上図は、角換りで後手が棒銀から△9五歩▲同歩△同銀▲同香△同香とした局面。ソフトの評価値+348で先手有利。
先手の銀と香車の交換で少し駒得で、先手が居玉も将来的に右玉にする構えでもあるので、後手の攻めをいなせるかどうかがポイントになります。
後手は玉を金銀3枚で囲っておりしっかりしているので、細かい攻めが続けば有利になります。
本譜は以下、▲4八玉△9八香成▲2九飛△8六歩▲同歩△8八歩▲同銀△同成香▲同金△2六香▲同飛△4四角で、ソフトの評価値+617で先手有利。

本譜の手順は、一目後手の技にかかった感じですが、以下▲2九飛△8八角成▲8五香△9二飛▲9七歩で、ソフトの評価値+634で先手有利。
▲8五香に後手に歩があれば、△8四歩ですが歩切れなのが運が良かったです。
先手の香車と金の交換で少し駒損ですが、後手歩切れで後手は取れる駒が少ないので、少し評価値が下がっていると思います。
先手は▲8一香成や▲4五桂などが楽しみです。
以下△8九馬に▲同飛なら△9七飛成ですが、▲9六香で先手有利です。
本局は、右玉にして飛車を1段目に引いてから後手の攻めをいなす展開にしたのですが、最初に戻って▲9七歩もあったようです。
▲9七歩△9八歩▲8八銀△9九歩成▲同銀△2六香▲同飛△4四角▲2九飛△9九角成▲4八玉で、ソフトの評価値+856で先手優勢。

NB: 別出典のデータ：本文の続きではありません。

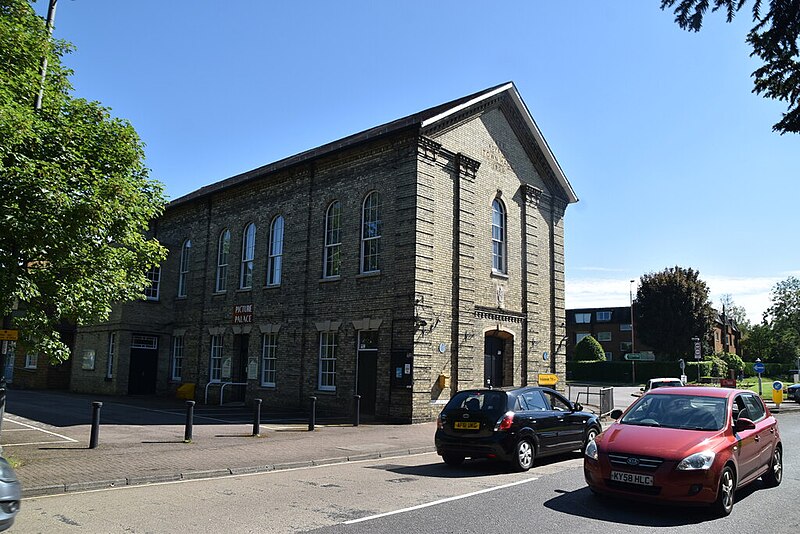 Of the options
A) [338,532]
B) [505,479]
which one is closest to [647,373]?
[505,479]

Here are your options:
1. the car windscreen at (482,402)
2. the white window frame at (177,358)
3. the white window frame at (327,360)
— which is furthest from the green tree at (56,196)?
the white window frame at (177,358)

ただ後の検討で分かったのですが、▲9四角という手もあったようです。ソフトの評価値+377で先手有利。

この形での▲9四角は初めて見ました。
▲9四角に△9三歩なら、▲6一角成△9八香成▲2九飛△8九成香▲4八玉で、ソフトの評価値+852で先手優勢。
▲9四角に△5一金なら、▲8三銀△5二飛▲7二銀不成△9八香成▲6八玉△8九成香▲2九飛で、ソフトの評価値+440で先手有利。
ただどの展開も▲2九飛として、玉を右か左に移動するのが急所だと分かった1局でした。